- [Your instructions]:
After locating the line with "CHEVROLET TRACKER 1.2", set down that line and all the lines that follow it, unchanged, to the end of the records; omit the pictures.

Records excerpted from a collection
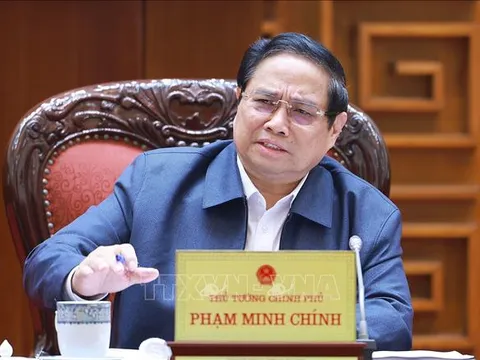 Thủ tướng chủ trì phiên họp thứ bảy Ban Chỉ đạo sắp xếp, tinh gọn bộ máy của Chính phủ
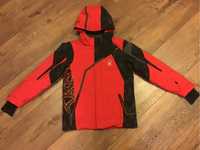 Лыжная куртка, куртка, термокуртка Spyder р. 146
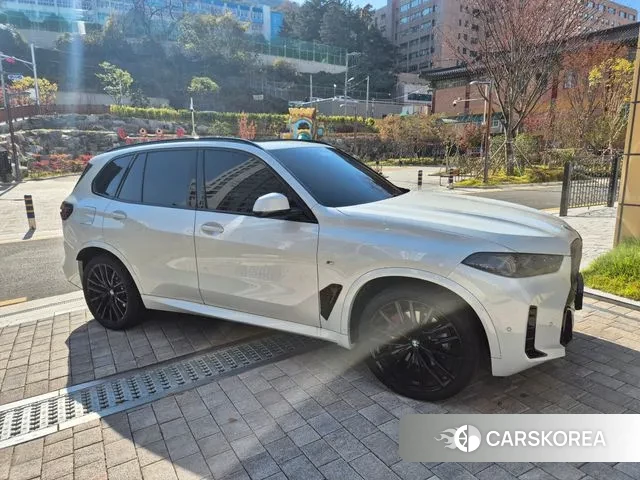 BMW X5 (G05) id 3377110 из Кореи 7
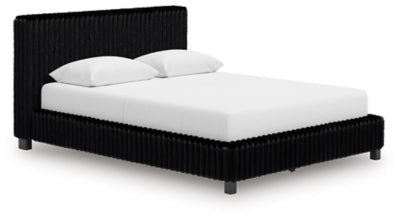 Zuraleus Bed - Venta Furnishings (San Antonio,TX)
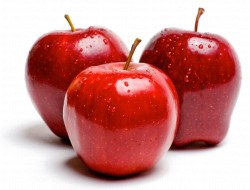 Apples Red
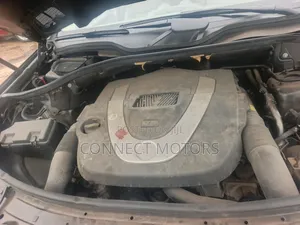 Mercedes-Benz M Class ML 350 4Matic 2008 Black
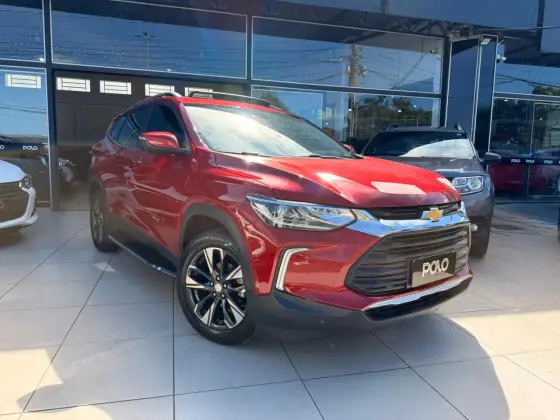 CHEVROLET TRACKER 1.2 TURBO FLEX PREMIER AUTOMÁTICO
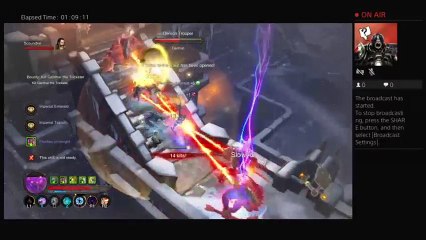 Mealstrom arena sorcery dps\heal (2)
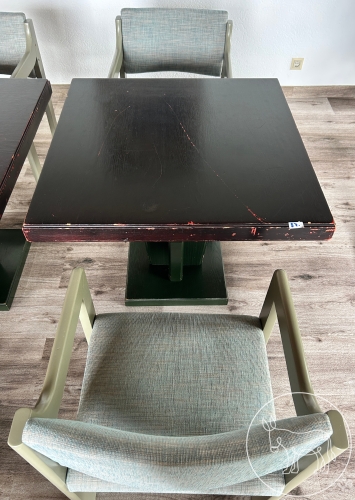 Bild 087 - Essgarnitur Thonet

- [Solution to the problem]:
 CHEVROLET TRACKER 1.2 TURBO FLEX PREMIER AUTOMÁTICO
 Mealstrom arena sorcery dps\heal (2)
 Bild 087 - Essgarnitur Thonet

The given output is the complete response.